About this exercise
In the material below, please retype the lines from the very first through the one with "Apartamento Comfortable Flat", exactly and without pictures.

Input records
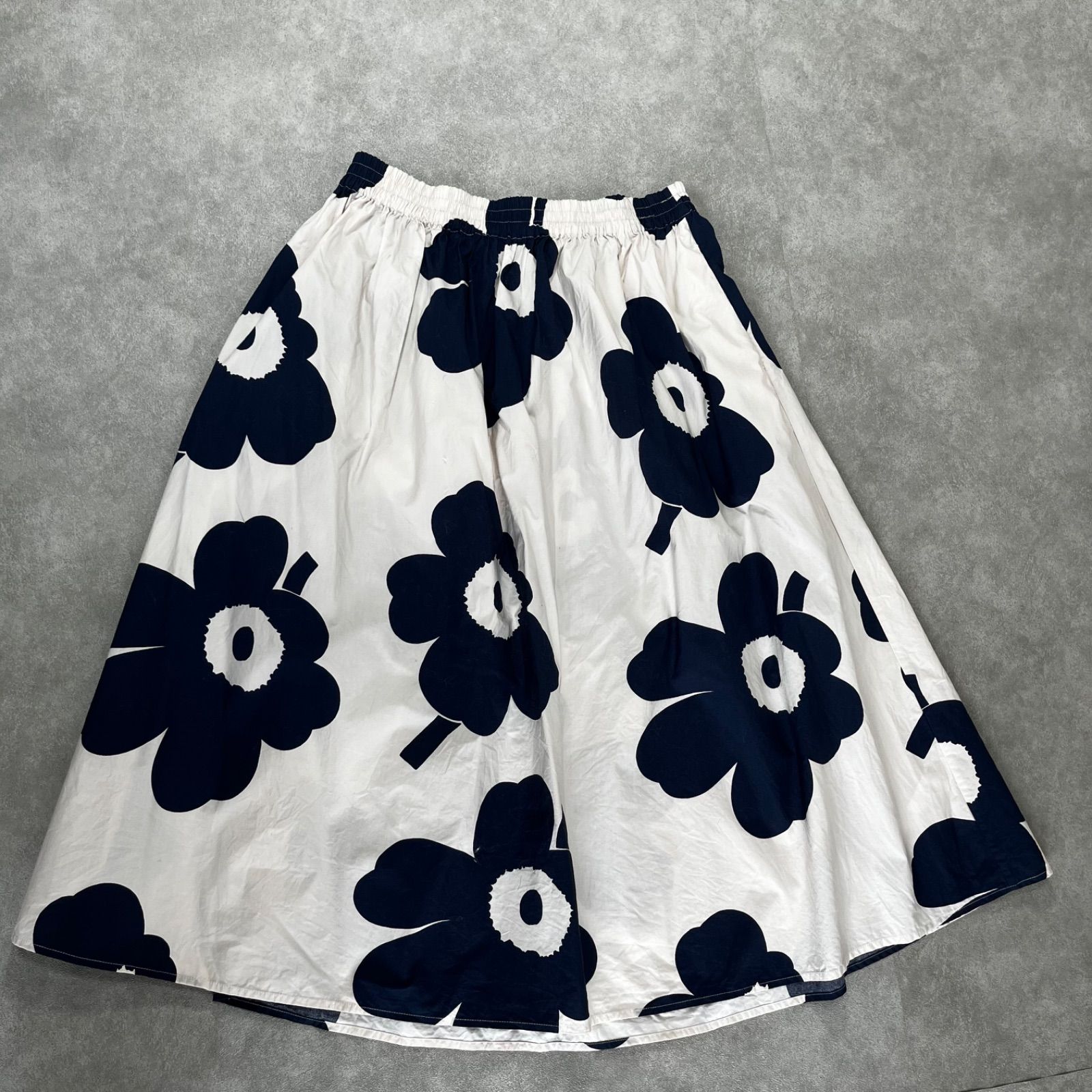 marimekko マリメッコ ウニッコ フラワー フレアスカート コットン marimekko マリメッコ ウニッコ フラワー フレアスカート コットン S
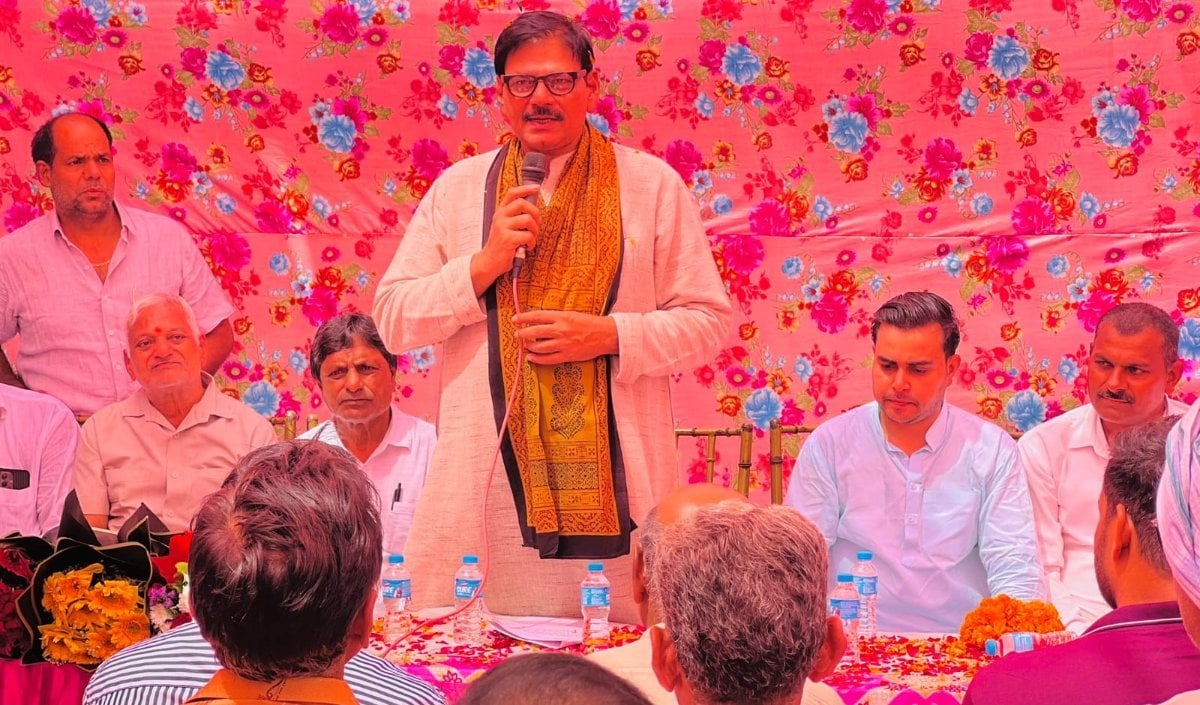 Dankaur में 83 लाख से बनेंगी 5 गलियां, Jewar MLA Dhirendra Singh ने किया शिलान्यास
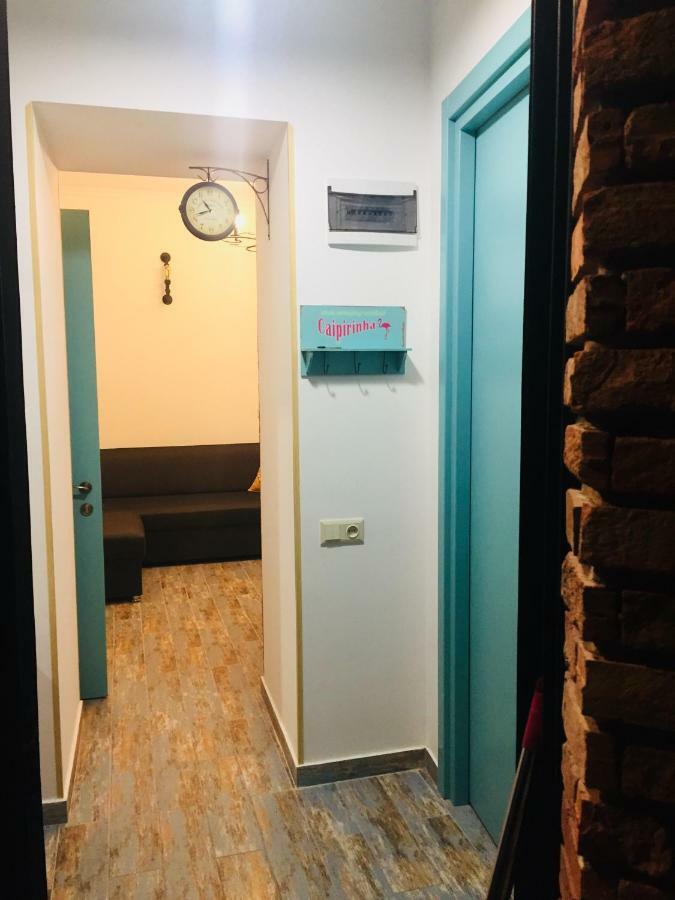 Apartamento Comfortable Flat In Central Tiflis Exterior foto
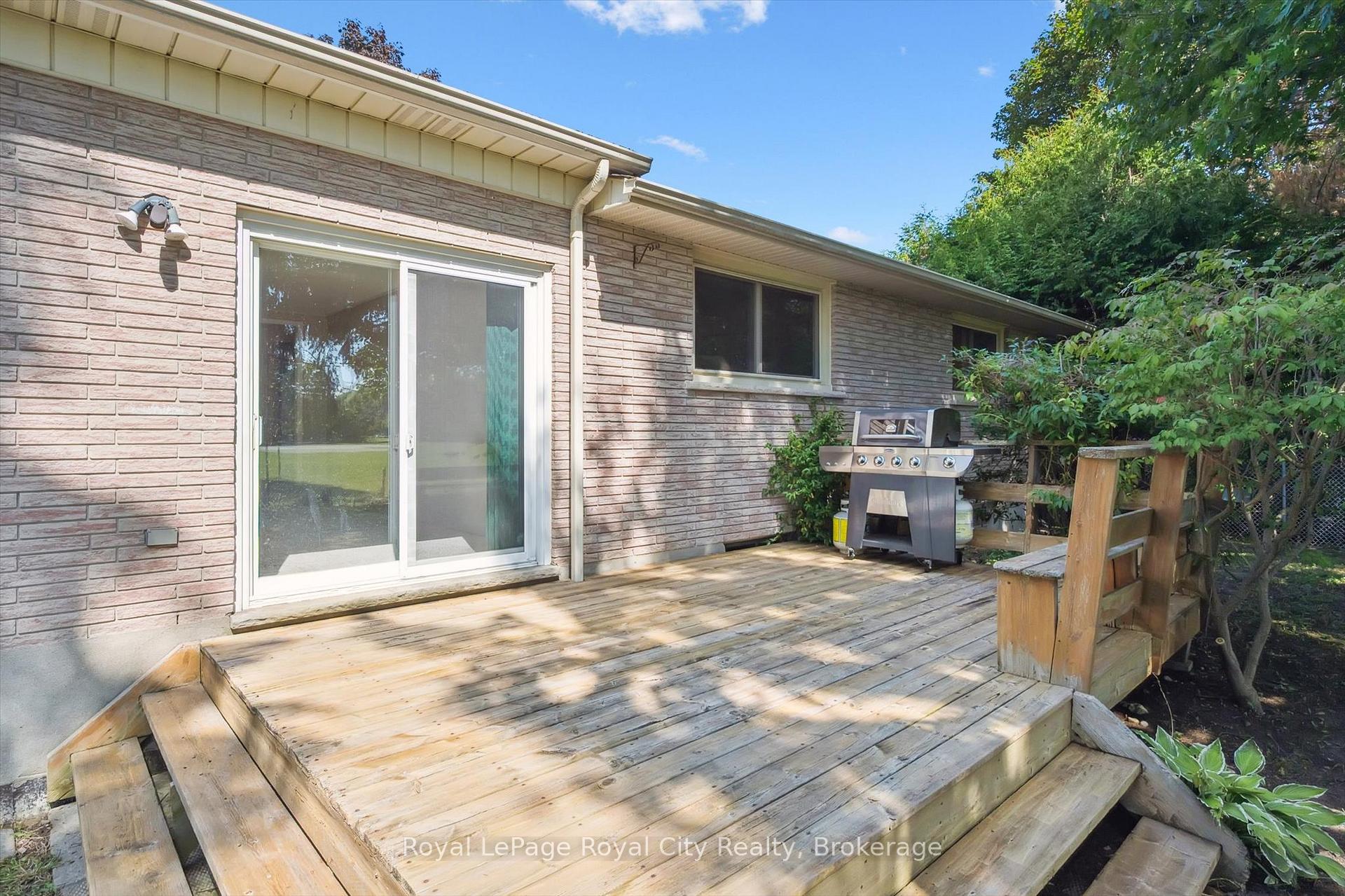 Photo 34 of 104 Harvard Road, Guelph, Kortright West — HOMEH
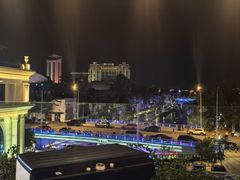 -Tipsy Bar•屋顶露台酒吧&水烟吧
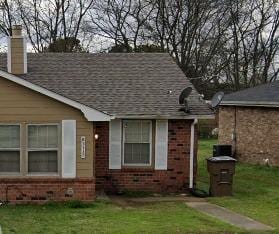 view of front of home with a front lawn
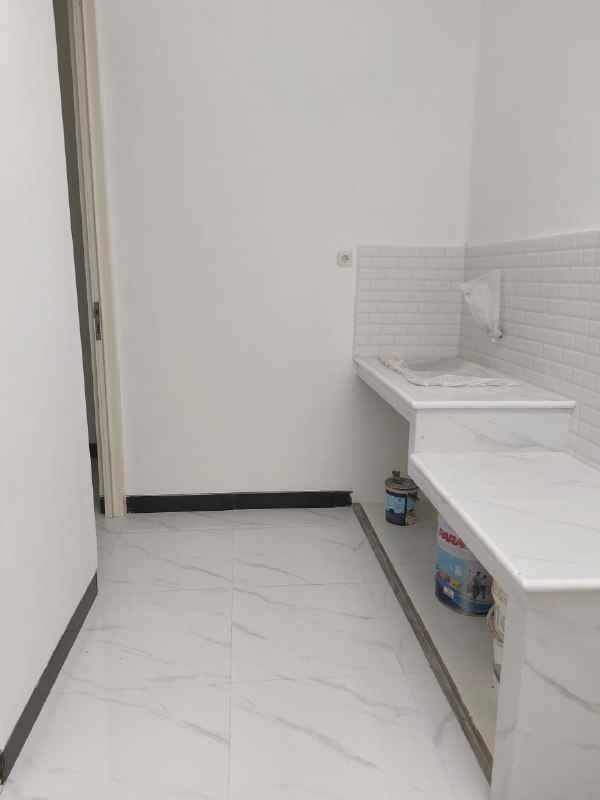 dijual rumah mulyosari utara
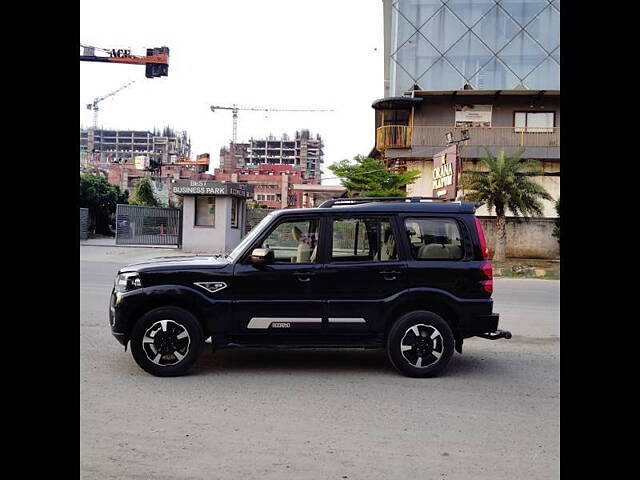 Used Mahindra Scorpio S11 MT 7S in Delhi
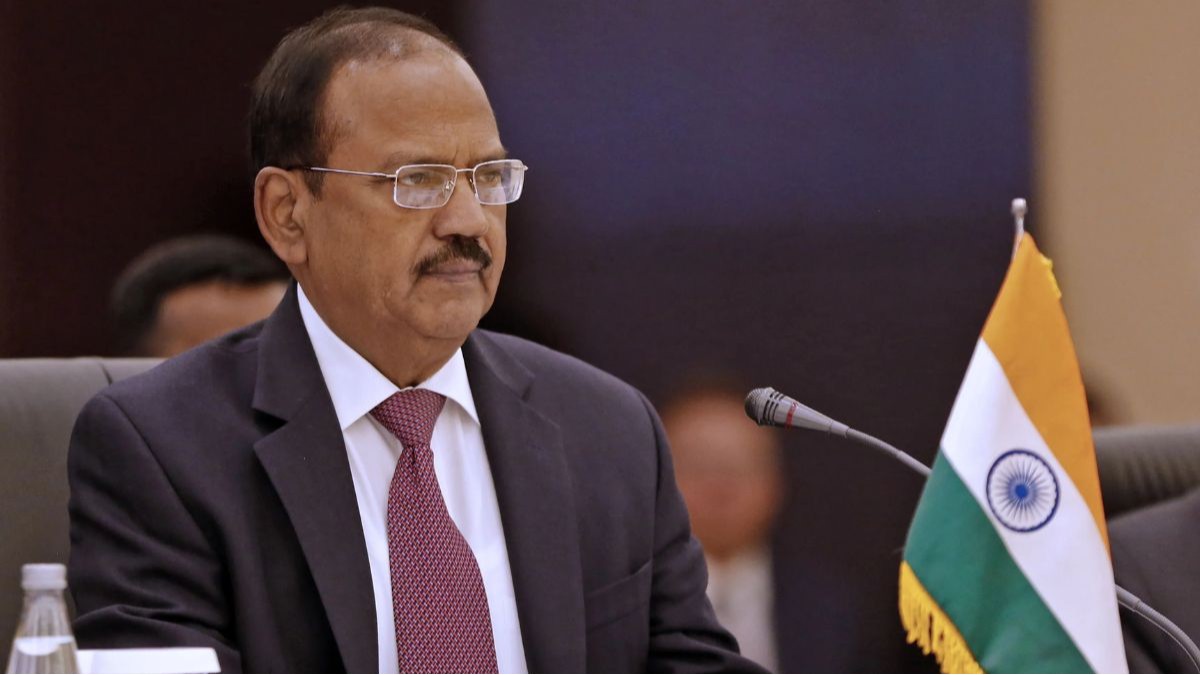 Wang Yi Calls for the Dance of the Dragon and the Elephant in Meeting with Ajit Doval!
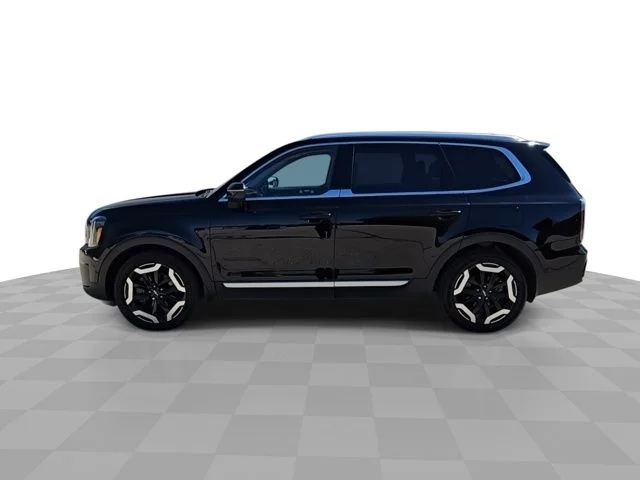 Used 2023 Ebony Black Kia EX image 5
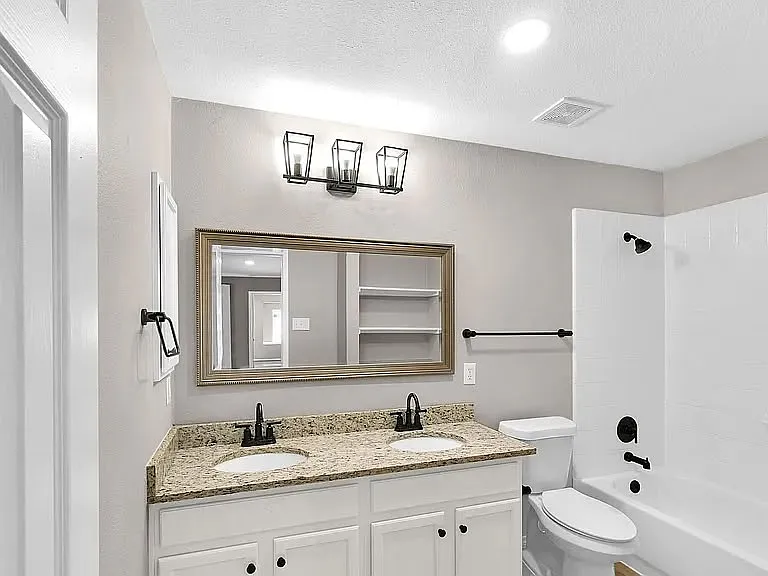 4729 Woodhaven Ln #76137 — Photo 11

Solution to this problem
 marimekko マリメッコ ウニッコ フラワー フレアスカート コットン marimekko マリメッコ ウニッコ フラワー フレアスカート コットン S
 Dankaur में 83 लाख से बनेंगी 5 गलियां, Jewar MLA Dhirendra Singh ने किया शिलान्यास
 Apartamento Comfortable Flat In Central Tiflis Exterior foto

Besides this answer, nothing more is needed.